Answered by gayatrideshmukhoffic
0

Answer:

The relation is

Ke=p^2÷2m

Now,

Ke'=ke+44%ofke

=Ke+0.44ke

Ke' =1.44ke

P'^2÷2m=1.44p^2÷2m

P'2=1.44p^2

P'=1.2p

Now %increase in momentum,

={(P'-p)÷p}×100

={(1.2p-p)÷p}×100

={0.2p÷p}×100

=0.2×100

=20%

Hence momentum will increase by 20%xplanation:

Answered by TheUnsungWarrior
0

Given:  kinetic energy of a body is increased by 44%.

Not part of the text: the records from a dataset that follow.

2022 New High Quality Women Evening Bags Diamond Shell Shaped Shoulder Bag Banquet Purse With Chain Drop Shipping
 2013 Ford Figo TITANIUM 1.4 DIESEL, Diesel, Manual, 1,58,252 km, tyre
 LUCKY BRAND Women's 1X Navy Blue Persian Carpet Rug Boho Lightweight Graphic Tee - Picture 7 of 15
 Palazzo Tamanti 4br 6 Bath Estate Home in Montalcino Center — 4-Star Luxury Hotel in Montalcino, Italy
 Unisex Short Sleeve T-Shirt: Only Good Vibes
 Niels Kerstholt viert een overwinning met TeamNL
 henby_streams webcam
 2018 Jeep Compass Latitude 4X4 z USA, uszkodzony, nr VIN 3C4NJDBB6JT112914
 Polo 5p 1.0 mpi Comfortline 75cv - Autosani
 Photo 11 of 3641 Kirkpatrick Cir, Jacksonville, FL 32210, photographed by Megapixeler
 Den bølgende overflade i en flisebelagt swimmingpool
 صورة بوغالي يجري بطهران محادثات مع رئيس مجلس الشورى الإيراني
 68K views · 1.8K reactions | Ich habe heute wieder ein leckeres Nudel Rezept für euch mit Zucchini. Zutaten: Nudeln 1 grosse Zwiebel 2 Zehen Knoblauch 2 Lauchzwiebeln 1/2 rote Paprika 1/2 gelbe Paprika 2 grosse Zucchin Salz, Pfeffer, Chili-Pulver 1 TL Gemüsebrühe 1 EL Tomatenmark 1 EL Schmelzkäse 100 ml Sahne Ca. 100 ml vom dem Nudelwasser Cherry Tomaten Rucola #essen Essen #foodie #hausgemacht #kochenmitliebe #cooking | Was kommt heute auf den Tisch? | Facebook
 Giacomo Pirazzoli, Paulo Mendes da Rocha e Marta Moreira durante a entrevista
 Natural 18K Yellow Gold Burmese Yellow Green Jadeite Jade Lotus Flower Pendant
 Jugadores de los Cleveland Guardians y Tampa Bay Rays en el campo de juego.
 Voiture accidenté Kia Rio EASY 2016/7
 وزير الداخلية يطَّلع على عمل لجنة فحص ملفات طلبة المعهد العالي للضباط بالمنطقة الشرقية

To find: percentage change in momentum.

Solution: Let the initial kinetic energy be K.E.i

Then the final kinetic energy will be given by as per the question:

           K.E.f = K.E.i + K.E.i × 44%

           K.E.f = K.E.i + K.E.i × 44/ 100

            K.E.f = 144 K.E.i/100 _____(1)

Now, through the concept of error analysis, we know that the % change in momentum is given by ;

      % change in p =( Pf - Pi / Pi) × 100

Putting the given values in the formula, we get:

⇒ ( √2mK.E.f - √2mK.E.i / √2mK.E.i ) × 100

⇒√2m/ √2m ( √K.E.f - √K.E.i / √K.E.i ) × 100

⇒ (√144K.E.i/100 - √K.E.i / √K.E.i ) × 100

⇒ √K.E.i / √K.E.i ( √144/100 - 1/ 1) × 100

⇒ ( 12 - 10/10/1 ) × 100

⇒ 2/ 10 × 100

⇒ 20%

Hence, the % change in momentum is 20%.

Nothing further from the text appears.